Task inputs Start Marker

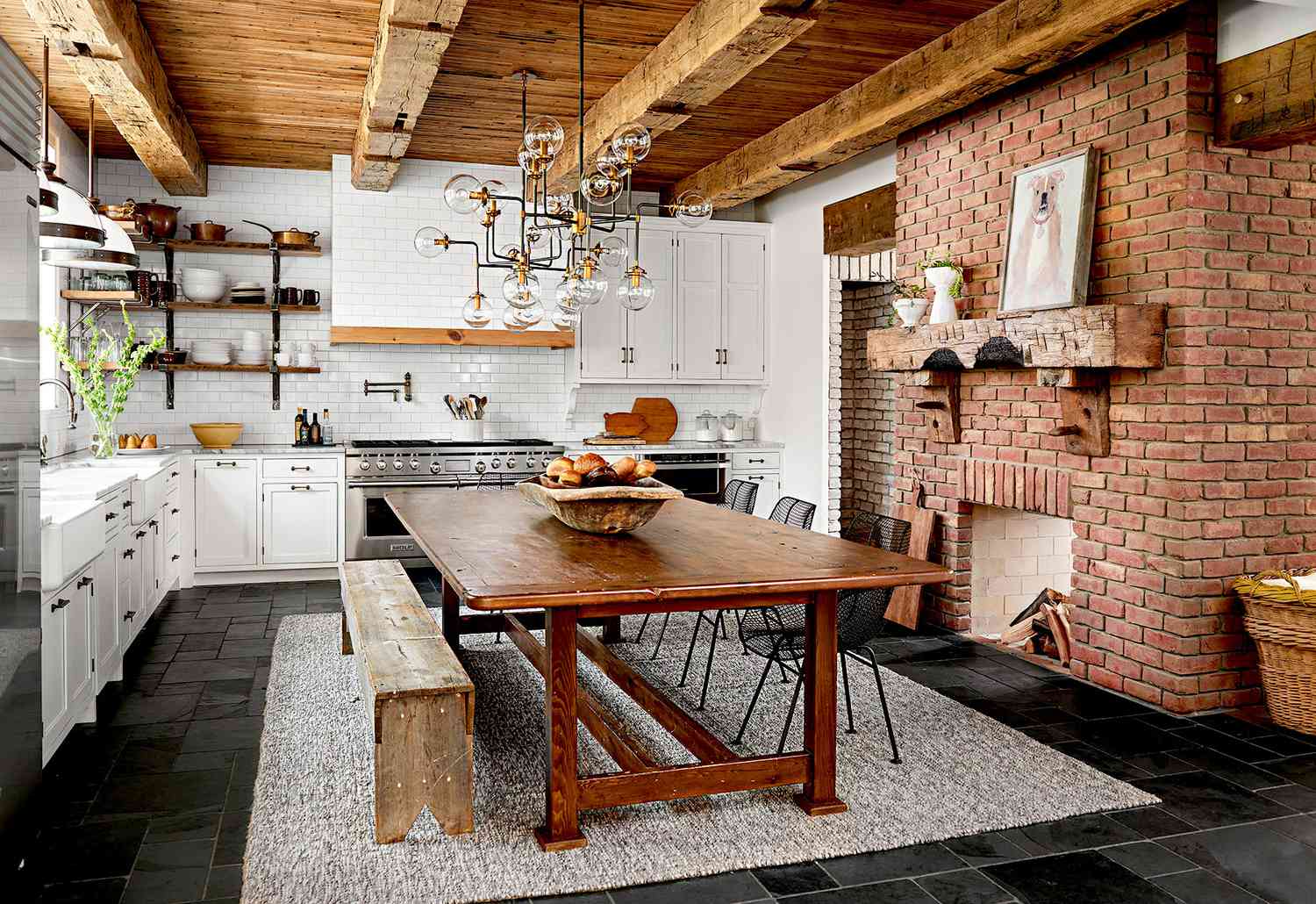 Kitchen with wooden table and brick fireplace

Task inputs End Marker
Task inputs Start Marker

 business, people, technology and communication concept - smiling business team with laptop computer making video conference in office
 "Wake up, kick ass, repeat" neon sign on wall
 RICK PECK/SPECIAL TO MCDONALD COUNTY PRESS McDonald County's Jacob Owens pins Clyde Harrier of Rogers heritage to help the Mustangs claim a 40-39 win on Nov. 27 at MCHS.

Task inputs End Marker
Task inputs Start Marker

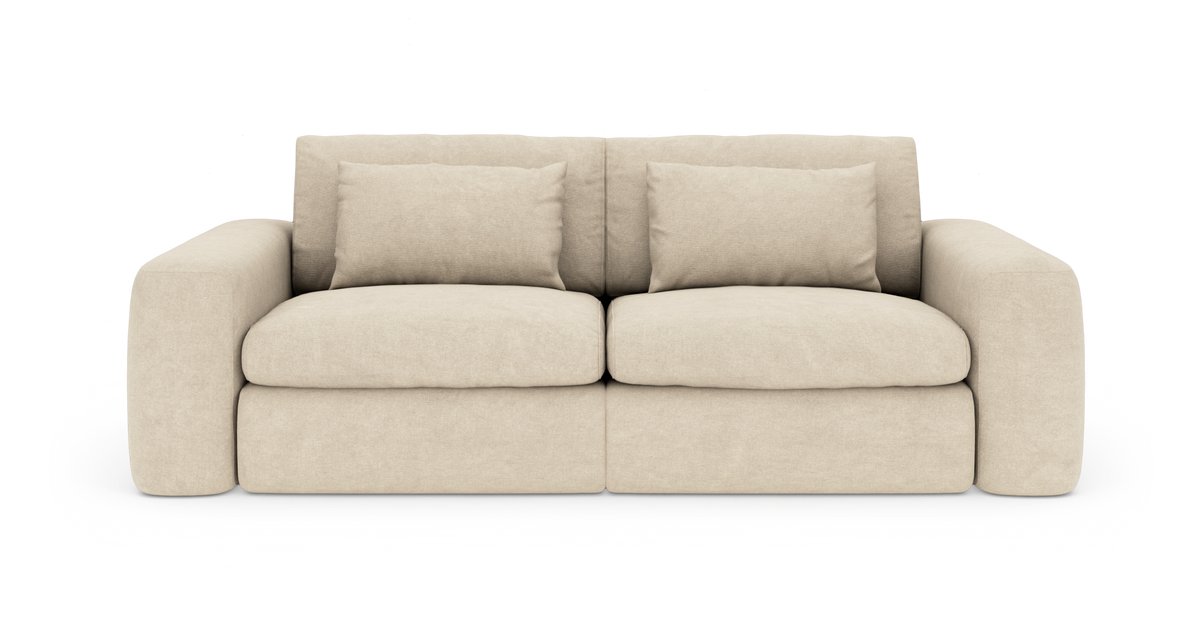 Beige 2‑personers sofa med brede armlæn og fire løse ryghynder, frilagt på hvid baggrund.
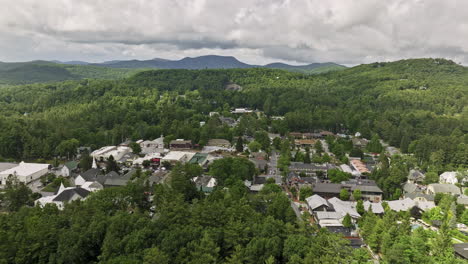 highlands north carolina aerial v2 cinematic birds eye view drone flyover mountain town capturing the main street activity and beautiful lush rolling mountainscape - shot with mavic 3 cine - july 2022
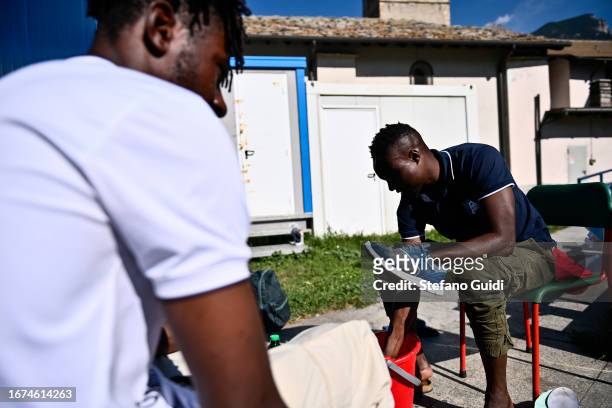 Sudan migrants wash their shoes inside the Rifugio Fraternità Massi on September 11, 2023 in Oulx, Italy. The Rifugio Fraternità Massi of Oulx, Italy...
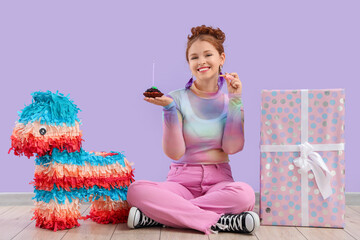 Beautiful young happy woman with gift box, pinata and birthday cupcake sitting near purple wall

Task inputs End Marker

• _Your instructions_:
Return the material from the line containing "highlands north carolina" through the line containing "Beautiful young happy", exactly and in full, but without its pictures.

• _Solution_:
 highlands north carolina aerial v2 cinematic birds eye view drone flyover mountain town capturing the main street activity and beautiful lush rolling mountainscape - shot with mavic 3 cine - july 2022
 Sudan migrants wash their shoes inside the Rifugio Fraternità Massi on September 11, 2023 in Oulx, Italy. The Rifugio Fraternità Massi of Oulx, Italy...
 Beautiful young happy woman with gift box, pinata and birthday cupcake sitting near purple wall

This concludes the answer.